> **Required work**
The records below need to be repeated exactly, though not their pictures.

★ ★ ★ ★

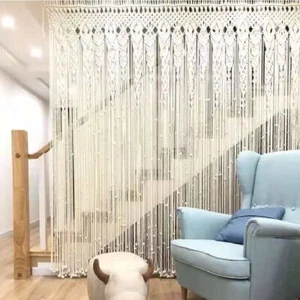 100x200 Macramé Ventana Puerta Cortina Boho Algodón Tejido Pared Colgante Boda Decoración - Imagen 1 de 5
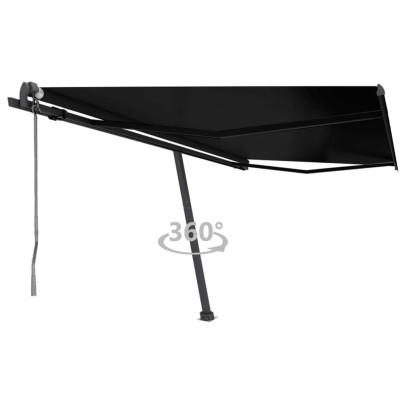 Copertină autonomă retractabilă automat - antracit - 450x350 cm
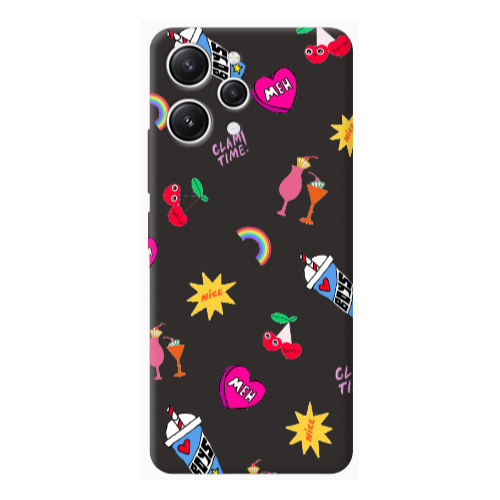 Xiaomi Redmi 12 glam time Black Colored Silicone TPU Θήκη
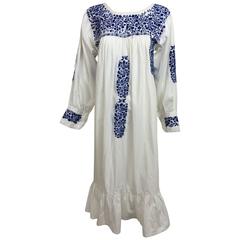 1960s blue & white embroidered Oaxacan Mexican wedding dress Retro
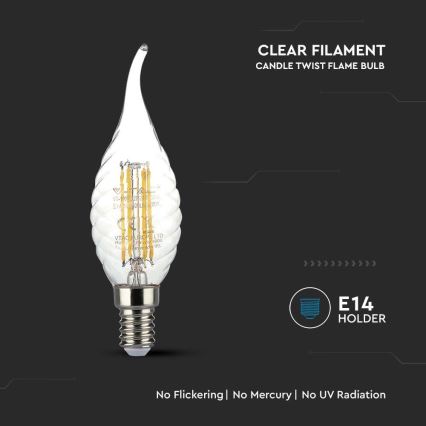 Bombilla LED FILAMENT E14/4W/230V 3000K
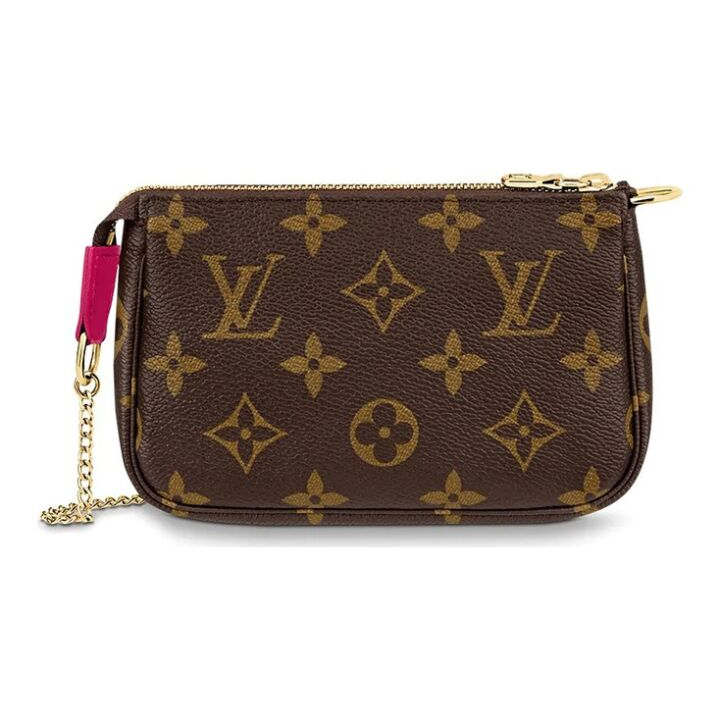 LOUIS VUITTON Pochette Accessoires卡通涂层老花 帆布 麻将包零钱包腋下包手拿包单肩包 迷你 女款 棕色
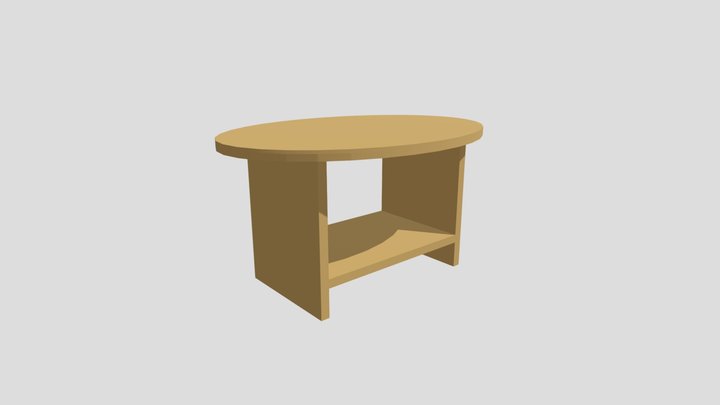 Low Poly Oval Coffee Table – Free 3D Model STL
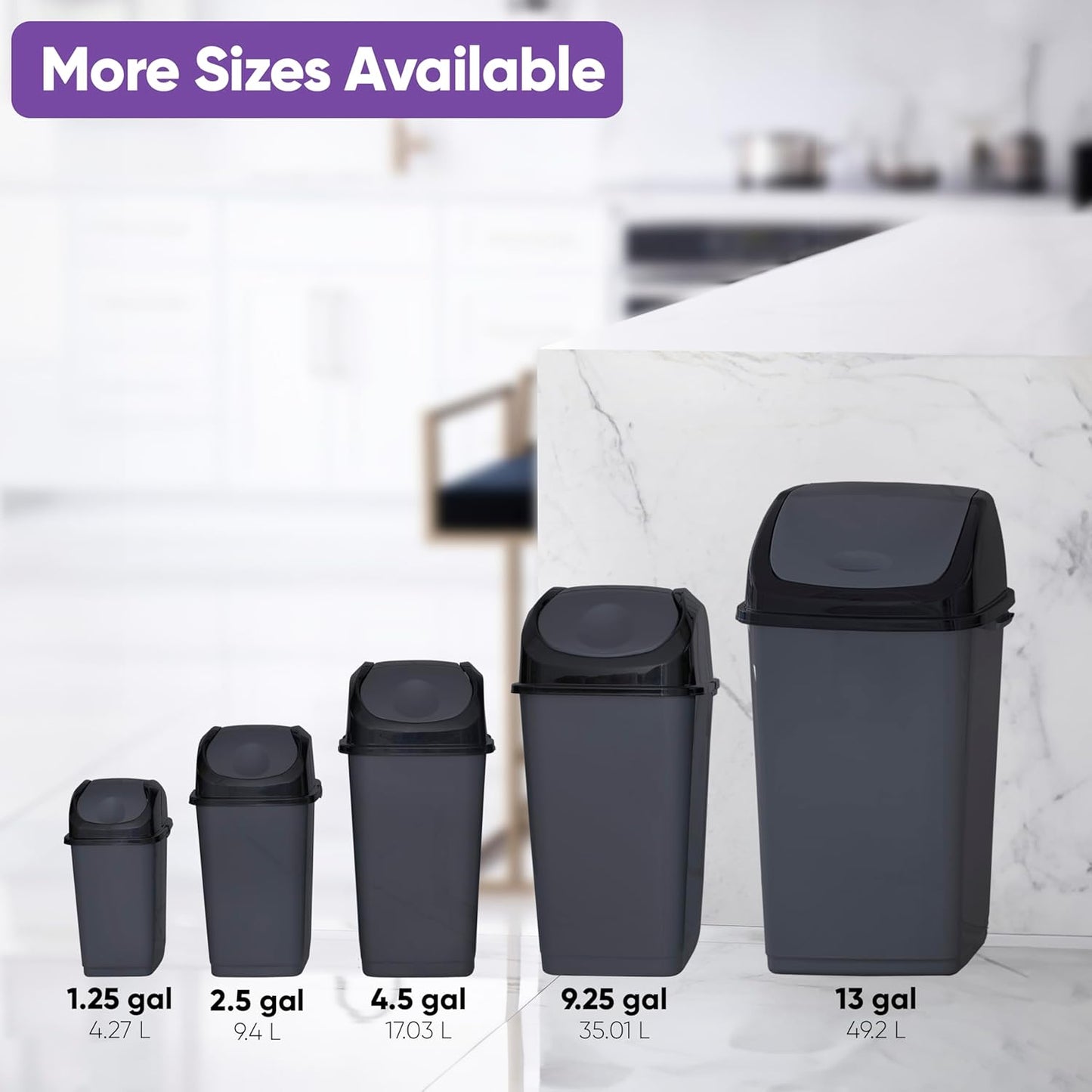 Superio Trash Can for Dorm Room with Lid 4.5 Gallon Plastic Garbage Can with Swing Top Lid, Medium Slim Waste Bin with Cover for Home, Kitchen, Office, Bedroom, Bathroom, College- 18 Qt (Dark Grey 2)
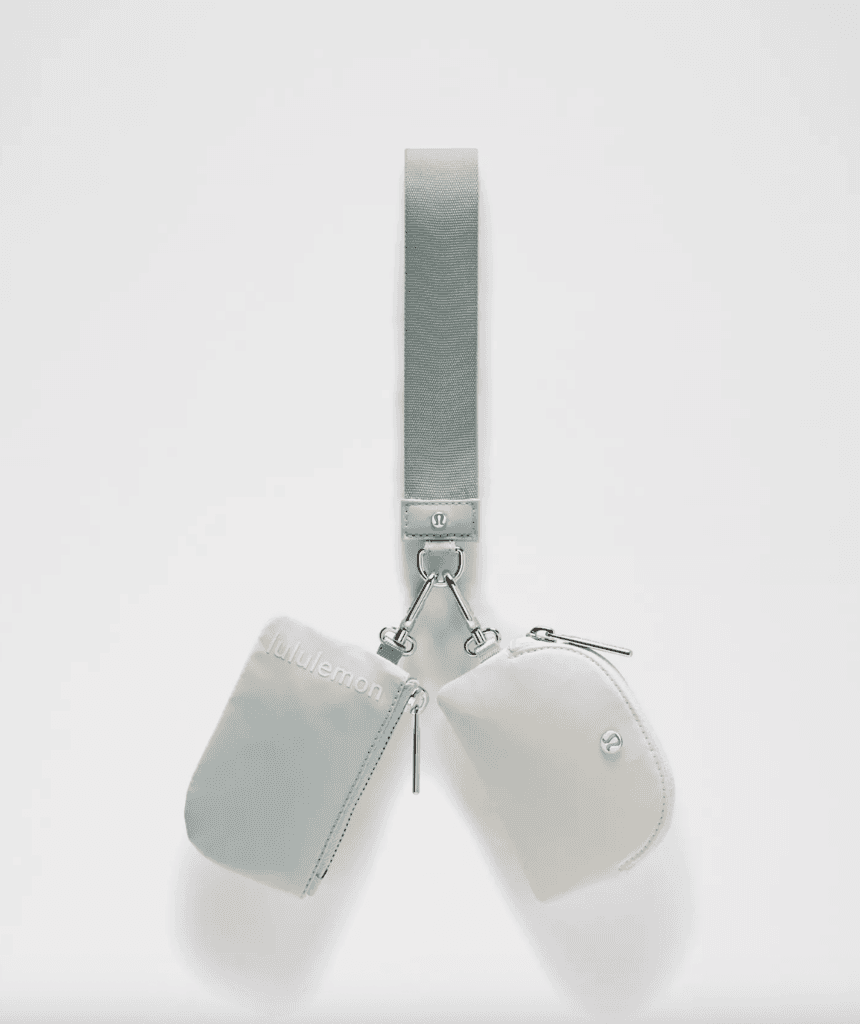 lululemon Dual Pouch Wristlet in sage and cream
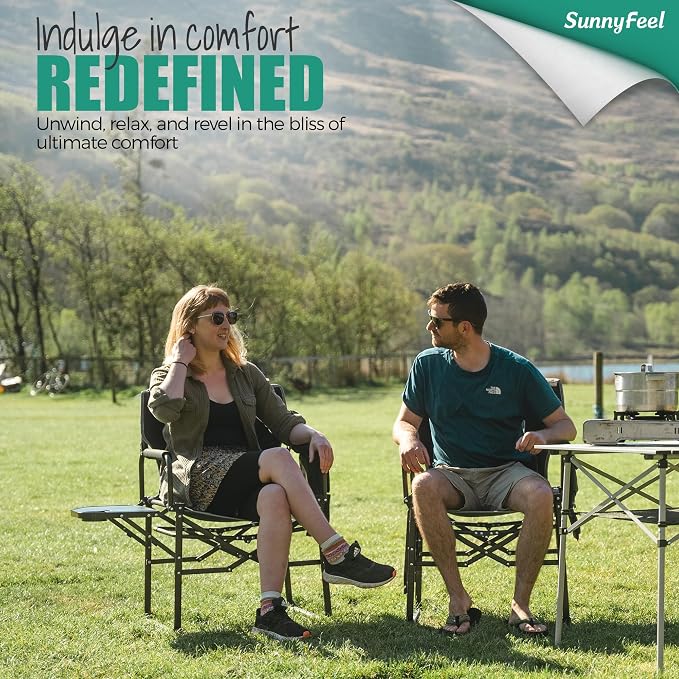 SUNNYFEEL Camping Directors Chair, Heavy Duty, Oversized Portable Folding Chair - Image 4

★ ★ ★ ★

> **Solution**
 100x200 Macramé Ventana Puerta Cortina Boho Algodón Tejido Pared Colgante Boda Decoración - Imagen 1 de 5
 Copertină autonomă retractabilă automat - antracit - 450x350 cm
 Xiaomi Redmi 12 glam time Black Colored Silicone TPU Θήκη
 1960s blue & white embroidered Oaxacan Mexican wedding dress Retro
 Bombilla LED FILAMENT E14/4W/230V 3000K
 LOUIS VUITTON Pochette Accessoires卡通涂层老花 帆布 麻将包零钱包腋下包手拿包单肩包 迷你 女款 棕色
 Low Poly Oval Coffee Table – Free 3D Model STL
 Superio Trash Can for Dorm Room with Lid 4.5 Gallon Plastic Garbage Can with Swing Top Lid, Medium Slim Waste Bin with Cover for Home, Kitchen, Office, Bedroom, Bathroom, College- 18 Qt (Dark Grey 2)
 lululemon Dual Pouch Wristlet in sage and cream
 SUNNYFEEL Camping Directors Chair, Heavy Duty, Oversized Portable Folding Chair - Image 4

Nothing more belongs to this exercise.